The rails were mounted on the wall in the Baker Center by the University’s Facilities technicians, a requirement for anything that is mounted permanently on the walls of campus buildings. After they did their work, Rob checked the flatness of the grid to discover that the wall behind it wasn’t perfectly flat, so he shimmed the rail mountings using a laser beam until the mounting rails were absolutely flat.

Doug and Rob install Mars image 30
Doug and Rob on a scissor-lift put the tenth panel in place on a grid of aluminum rails attached to the walls of the Baker Center at Cal Poly.

After that step, Rob and Doug made a set of four 3-D printed plastic register blocks that were mounted on the corners of each panel’s support rails. These blocks allowed the men to position the aluminum panels perfectly on their frames prior to being mounted on the wall. These impressive points of control gave Rob abd Doug the confidence that the assembly of the panels would go perfectly. We had no room for error at any point, and the mounting of the photo panels was the ultimate step in seeing this project to completion.

I watched them as a few of the panels were attached, and I returned a few times to check on progress. But, my role in the project was strictly supervisory (observational) at this point. The project was now in the hands of the pros!

Finished pano
This is the final Mars panoramic image on the wall in the Baker Center. At the lower-left is a legend of the photo, showing the position of the rover when the images were made, and describing the Mars exploration efforts of NASA, JPL, and the other institutions involved in the project. Photo by Eric Johnson

I am proud to say that the collaboration worked perfectly. The panels were up, and there were no errors in the cutting or the mounting. The photo is stunning!
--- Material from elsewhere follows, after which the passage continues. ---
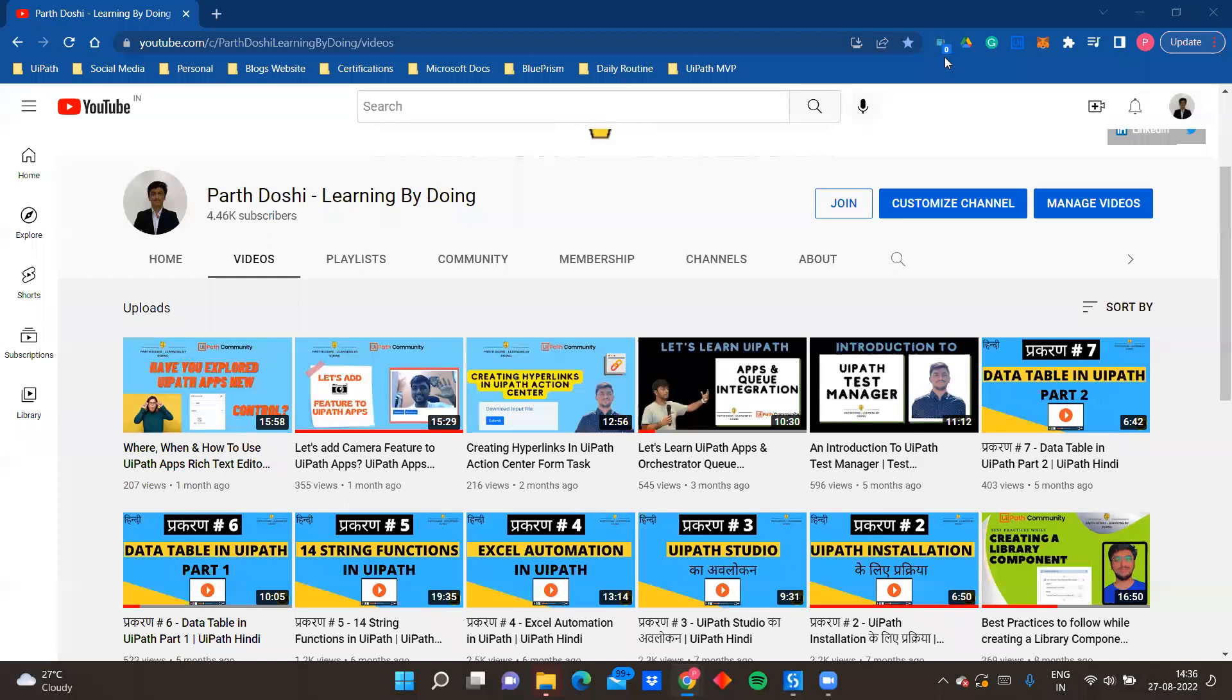Hello and welcome back on my YouTube channel, Parth Doshi Learning by Doing. So one of the recent products that I am exploring a lot and learning about is UiPath Apps. We even had a recent UiPath global hackathon, Hyper Hack 2022, and one of the categories was UiPath Apps. So during that time and previously as well, you have seen that I upload a lot of videos on UiPath Apps.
And, looking at it now, all I see is the Cape Verde peninsula on the side of Duck Bay in the Victoria Crater on the surface of Mars. It is very exciting to see this project completed.

Others working on the project included Michele Murfin-Fanning, the Interior Designer for the building, Dr. Phil Bailey, Dean of the College of Science and Mathematics, Professors Derek Gragson and John Keller, and Dave Clendenen, the talented photographer who helped to document the project’s construction.

 

About Brian Lawler

Brian Lawler is an Emeritus Professor of Graphic Communication at California Polytechnic State University, San Luis Obispo and was a Guest Professor at Hochschule München from September, 2021 to September, 2022. He writes about graphic arts processes and technologies for various industry publications, and on his blog, The Blognosticator.
This entry was posted in Adventures, Art, Color Management, Education, Imposition and Pagination, New technology, Panoramic Photography, Photography, Photoshop techniques, Software and tagged , , , , , , , , . Bookmark the permalink.

2 Responses to My mission to Mars, continued

  1. Jim in IA says:

    Brian, that is a gorgeous project. It is so impressive and suits the space perfectly.

    I am in such strong agreement to your comment here “…the smartest, kindest and most competent mechanical geniuses I have ever had the pleasure to know.” It is such great thing to watch people do a job well.

  2. Bert says:

    Wow! Fantastic job, Brian, and beautiful. Thanks for the blog description of the process. I still can’t believe that an eye-sighted shear cut can be that consistently accurate. There are truly some talented people around.

    Thanks for this additional donation to the beauty of Cal Poly’s campus.